La population de Jacobabad demeure enlisée dans la pauvreté et tributaire de pratiques d’exploitation au travail exacerbées par la chaleur torride qui ne leur offre aucun répit. Parmi les habitant·e·s les plus exposés figurent les quelque 5 000 ouvriers des briqueteries, qui produisent chaque jour 1 000 briques pour moins de 4,30 euros par jour, alors qu’ils travaillent près de fours brûlants à l’extérieur, souvent sans aucune protection contre la chaleur.
« C’est difficile de respirer quand il fait aussi chaud, mais si je me repose, avec ma famille, nous aurons faim. Alors comment pourrais-je faire une pause ? », a déclaré Gulab Birohi, ouvrier agricole et ouvrier dans une briqueterie âgé de 70 ans.
Les femmes dans la ville sont particulièrement exposées à la chaleur extrême, car elles ne peuvent pas se rafraîchir comme le font les autres habitant·e·s. Les conventions sociales ne leur permettent pas de prendre des bains ou douches rapides en public à l’instar des hommes, ni de sauter dans des plans d’eau tout proches comme le font les enfants. Elles sont souvent contraintes de dormir à l’intérieur de maisons à l’atmosphère étouffante, parce qu’en dormant dehors elles risqueraient de subir des violences sexuelles et fondées sur le genre.
La capacité de Jacobabad à faire face à ce climat extrême est entamée par la déforestation généralisée, les pénuries d’énergie et le manque d’accès à l’eau et à un logement convenable. La plupart des écoles n’ont pas l’électricité et demeurent largement inaccessibles du fait de l’absence de transports publics. Face à la nécessité de parcourir de grandes distances à pied sous la chaleur pour se rendre dans des bâtiments mal équipés pour les protéger de températures qui s’envolent, de nombreux enfants ont abandonné l’école.

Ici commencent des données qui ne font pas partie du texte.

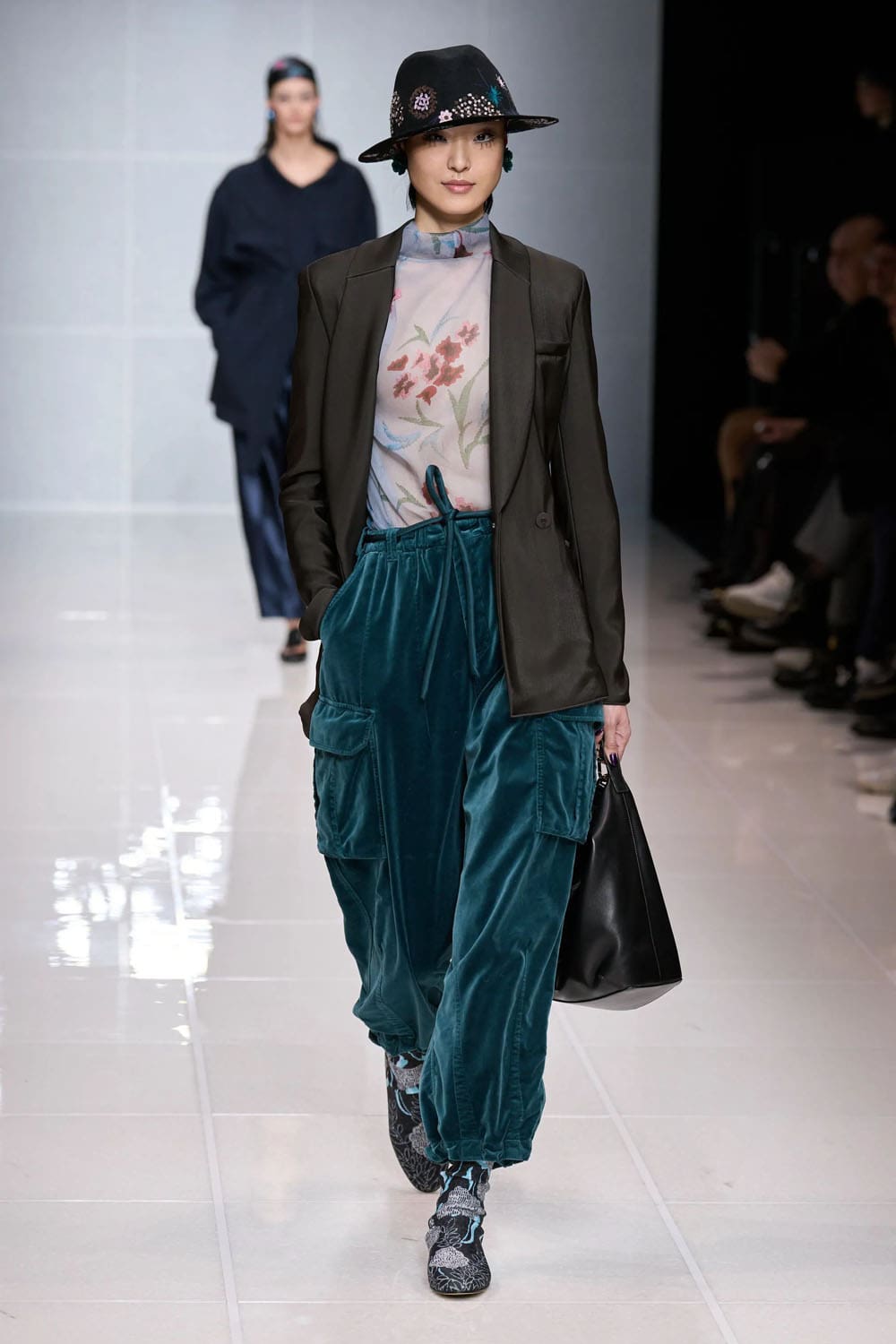 Giorgio Armani Autunno Inverno 2024 2025 Runway Magazine (11)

« Si les leaders mondiaux ne s’engagent pas à mettre en œuvre les actions audacieuses et concrètes dont le monde a tant besoin lors de la COP26, des villes comme Jacobabad souffriront d’une chaleur et d’une humidité encore plus extrêmes », a déclaré Rimmel Mohydin.

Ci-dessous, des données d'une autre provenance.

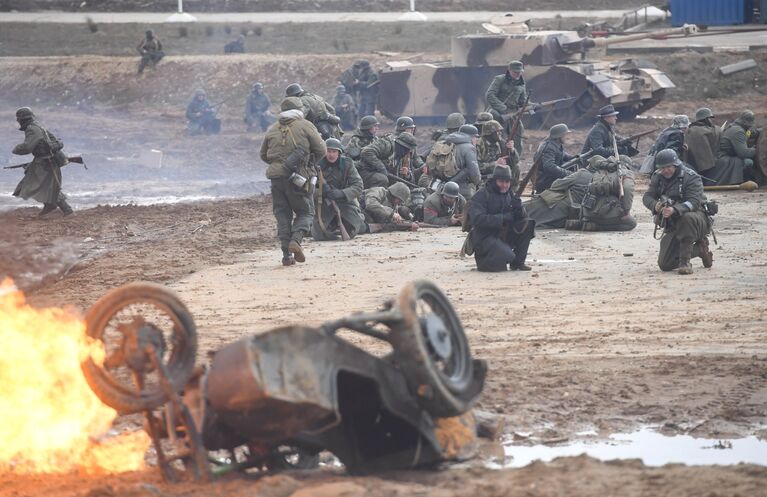 Участники во время военно-исторической реконструкции Штурм Берлина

Amnistie internationale demande aux autorités pakistanaises de mettre en place des mesures adéquates d’adaptation au changement climatique afin de protéger dûment les droits des habitant·e·s de Jacobabad dans le contexte de la hausse des températures et de la multiplication des journées de chaleur insupportable.
Complément d’information
En amont de la conférence sur les changements climatiques COP26, Amnistie internationale demande à tous les États de s’engager en faveur d’objectifs de réduction des émissions à la fois ambitieux et respectueux des droits humains afin de maintenir la hausse moyenne de la température terrestre au-dessous de 1,5 °C.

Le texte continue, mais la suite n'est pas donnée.